The match, which began with a strong showing by the world No. 2, Novak Djokovic, 6-3 for him in the first set and looking more balanced, skillful, steady, than his great rival Rafael Nadal, has turned on its head, and turned into a rout. In the second set they played even tennis, breaking, breaking back, getting through 10 games with deuces and ad’s. Then the caballero from Majorca began to surge.

Interestingly enough, though he took that set in the 12th game and finished the third set at 6-2, it was in the fourth that he showed most decisively who was boss, even though it went to 6-4. He did this by repeatedly giving Djokovic what looked like an opening, and then stomping it shut. It was not great tennis, though there were magnificent shots from both champs, aiming with mighty inside-outers for the sidelines. There were one or two nice plays at the net as they risked drop shots. There were mighty serves, five or six aces total I think. But for the most part, it was power tennis from the back court — Rafa power, awesome, unanswerable power. Nole, the man who catches every thing you send him and finds a way to put it where you least expect it, Nole was, by that ninth game in the fourth, just looking. He looked, rolled his eyes, spoke words of frustration, whacked his racquet — on the ground, on his head — took his position, tried.

But Rafa holds at love, 5-4.

One last surge, surely: Novak is too good not to. He is on serve. They have each broken, evened it at four, they have been here before, surely this one too will go to extra innings.

And it hits you: Rafa is doing what Masha did yesterday, going all out. The tough old (if over 25 is old) veteran champs are not just beating back their challengers, they are whipping them. Simona Halep is the last in a line of young phenoms who thought they could pull a fast one on Maria Sharapova, and each one almost did, three of them, forcing her to three sets and near disaster, only to find themselves on the wrong end of her unrestrained forehand down the sidelines.

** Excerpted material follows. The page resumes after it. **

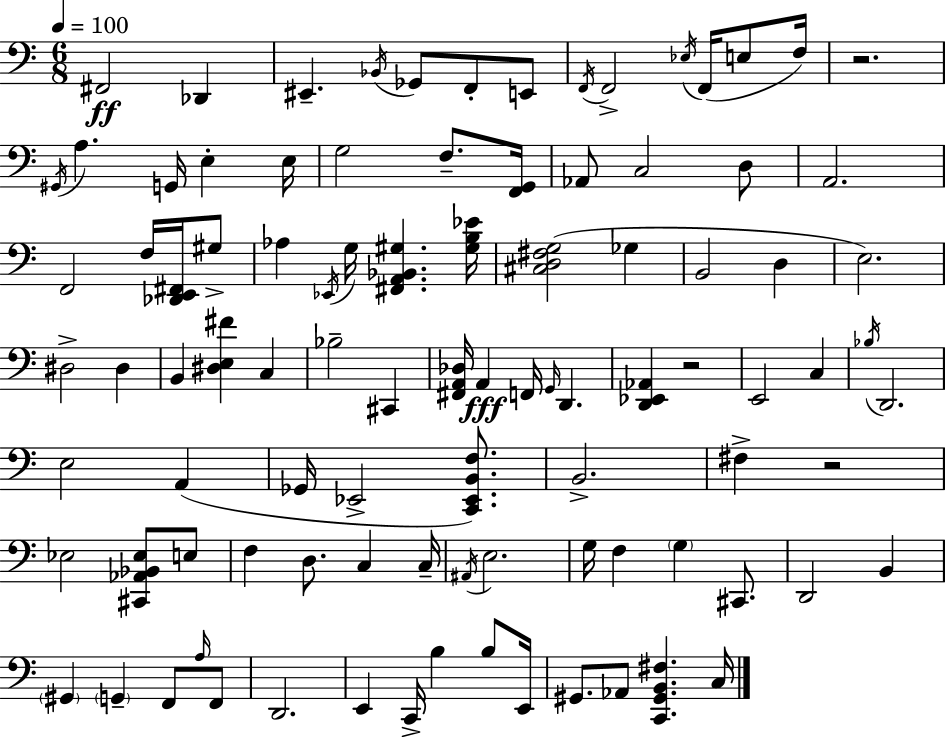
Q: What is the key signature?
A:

Truly, there was wonderful talent on the youngish side of the ladies’ draw of the Championnats Internationaux de France this year, but in the end experience counted more than raw eagerness. As the tournament reached its last weekend one had the feeling the young Romanian, Simona Halep, would not overcome Maria Sharapova’s determination to win a second trophy here, any better than did Eugenie Bouchard in the semis, or Garbine Muguruza before that, or Samantha Stosur before that.

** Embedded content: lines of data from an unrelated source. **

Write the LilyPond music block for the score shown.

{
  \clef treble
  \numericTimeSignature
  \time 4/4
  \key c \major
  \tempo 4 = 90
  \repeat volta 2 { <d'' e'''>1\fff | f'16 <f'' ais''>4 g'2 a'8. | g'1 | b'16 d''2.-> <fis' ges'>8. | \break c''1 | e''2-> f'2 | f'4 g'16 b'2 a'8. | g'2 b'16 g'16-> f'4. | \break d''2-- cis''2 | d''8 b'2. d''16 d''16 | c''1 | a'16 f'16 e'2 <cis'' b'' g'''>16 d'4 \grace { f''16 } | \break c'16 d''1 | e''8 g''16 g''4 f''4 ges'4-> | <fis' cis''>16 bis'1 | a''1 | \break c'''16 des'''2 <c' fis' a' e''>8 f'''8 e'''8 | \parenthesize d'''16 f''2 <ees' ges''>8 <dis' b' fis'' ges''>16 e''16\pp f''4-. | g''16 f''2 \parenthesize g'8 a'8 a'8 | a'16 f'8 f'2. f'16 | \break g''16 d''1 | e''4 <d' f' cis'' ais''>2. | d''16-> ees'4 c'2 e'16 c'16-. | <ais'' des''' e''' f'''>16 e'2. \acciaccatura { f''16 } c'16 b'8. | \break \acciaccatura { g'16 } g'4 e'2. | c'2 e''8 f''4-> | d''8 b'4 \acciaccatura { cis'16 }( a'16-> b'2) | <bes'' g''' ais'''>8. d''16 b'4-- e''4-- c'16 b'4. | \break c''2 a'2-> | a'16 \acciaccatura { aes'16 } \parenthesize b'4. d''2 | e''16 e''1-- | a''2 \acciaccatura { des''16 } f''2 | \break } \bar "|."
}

Easily said in retrospect; but the numbers were with the tall lithe blond Siberian girl, now a successful entrepreneur in Florida as well as one of the world’s top professional athletes. Observe that Simona Halep, at 22 (Miss S. is 27) is shorter but a little heavier. Gentlemen do not speak of ladies’ weights in public, and anyway Miss H. is in great shape. Tennis players always are, even as they suffer from shoulder and arm and ankle and knee and back injuries, plus mental anguish. It was warm, muggy day, too, under a splendid blue sky, as Nadal and Djokovic tested each other. The latter had won their last contest, the Rome final, also on clay.

Miss Halep is a terrific dynamo, but she plays a fundamental kind of game that a veteran, relatively speaking, with years of experience at major tournaments, can figure out pretty easily. That does not mean it is an easy game to beat. But at least Miss Sharapova knew that it was not going to change during the match— it will in years to come, one presumes — and the question was, should she play it safe and try to hit back more balls than Miss Halep could, or should she go on offense and try to get shots that her opponent could not reach or return effectively.

She went on offense. And it worked. Did Rafa watch? He knew he had to go on offense, anyway, against Nole.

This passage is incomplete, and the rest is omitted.